● Work instructions:
Write the data out again, character for character, with no images.

● Data below:
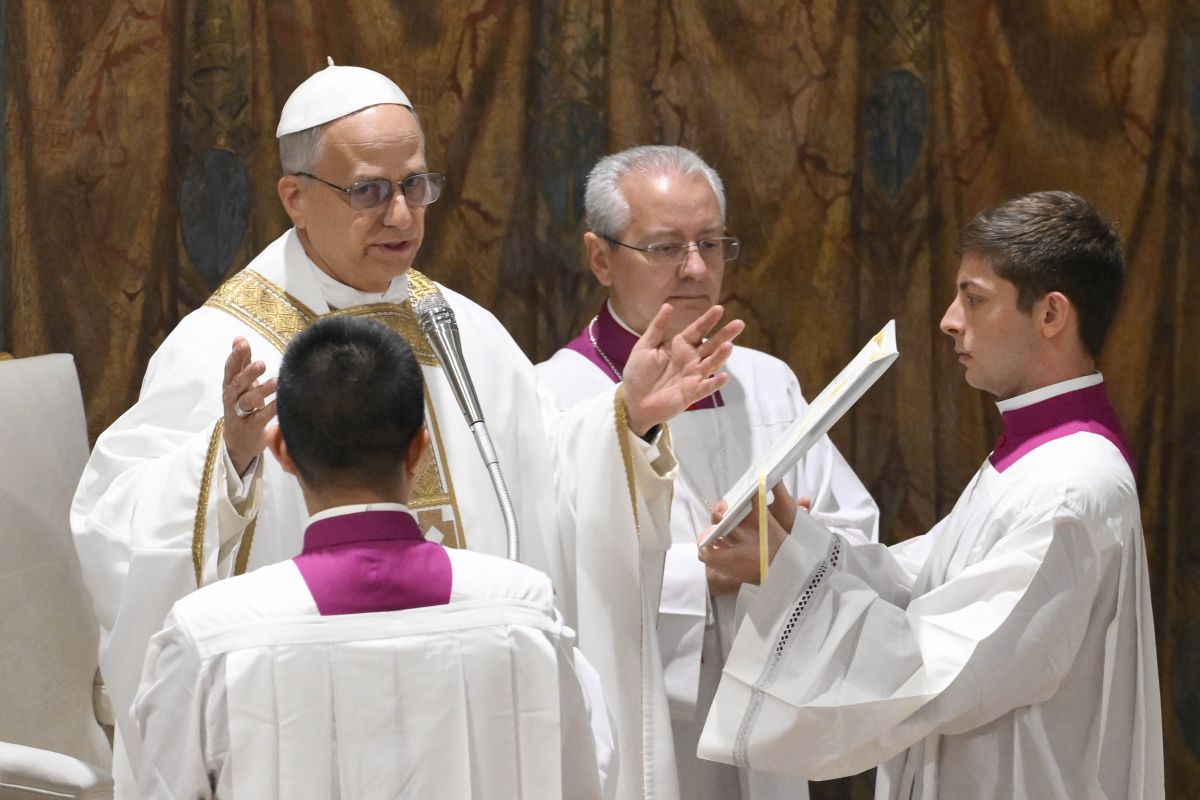 Leone XIV conferma provvisoriamente tutti gli incarichi della Curia Leone XIV conferma provvisoriamente tutti gli incarichi della Curia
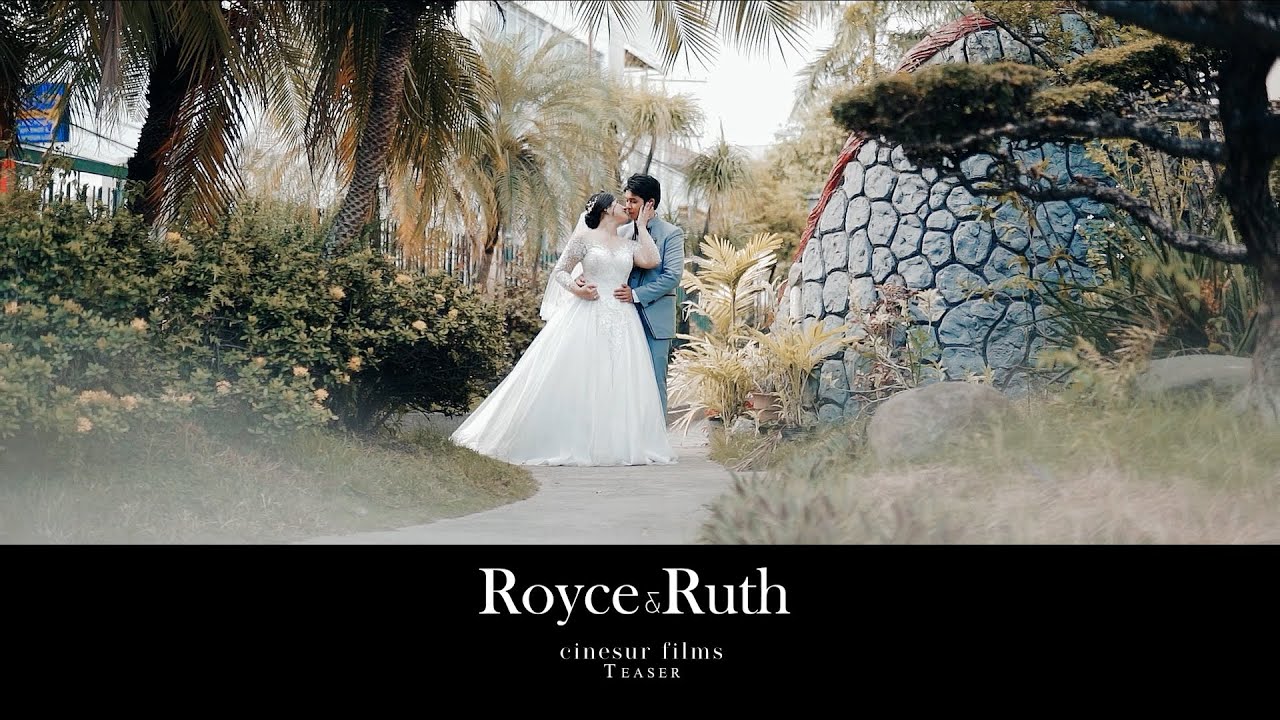 Royce and Ruth | Same Day Edit |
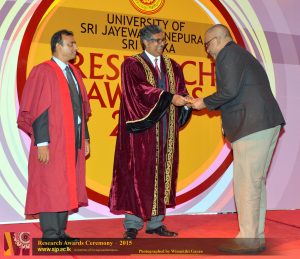 Research awards 2016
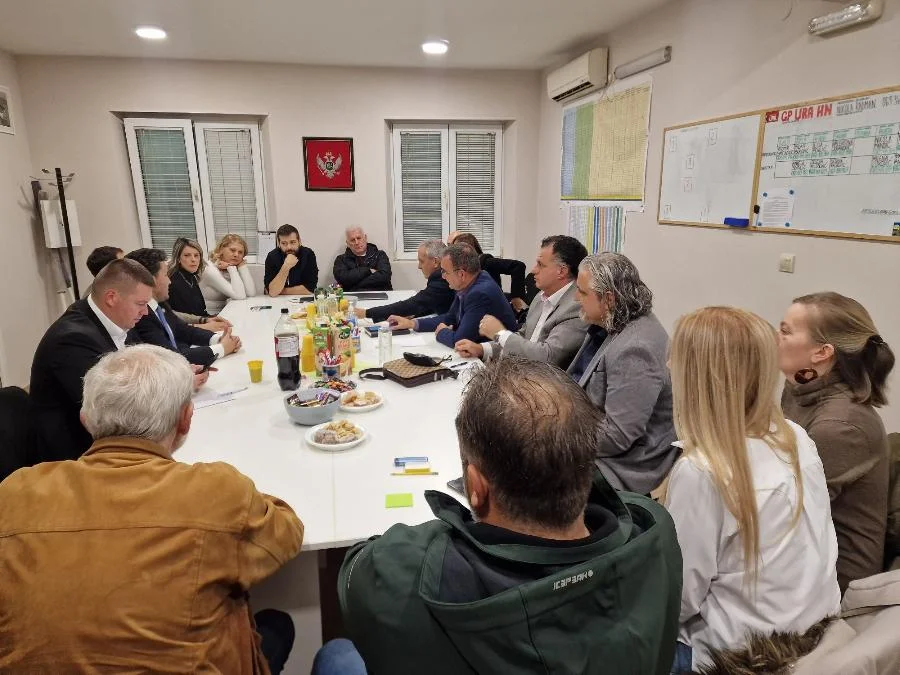 URA: Žalimo što nismo riješili pitanje Instituta u Igalu, reforme u partiji uoči novih izazova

● The completed task:
 Leone XIV conferma provvisoriamente tutti gli incarichi della Curia Leone XIV conferma provvisoriamente tutti gli incarichi della Curia
 Royce and Ruth | Same Day Edit |
 Research awards 2016
 URA: Žalimo što nismo riješili pitanje Instituta u Igalu, reforme u partiji uoči novih izazova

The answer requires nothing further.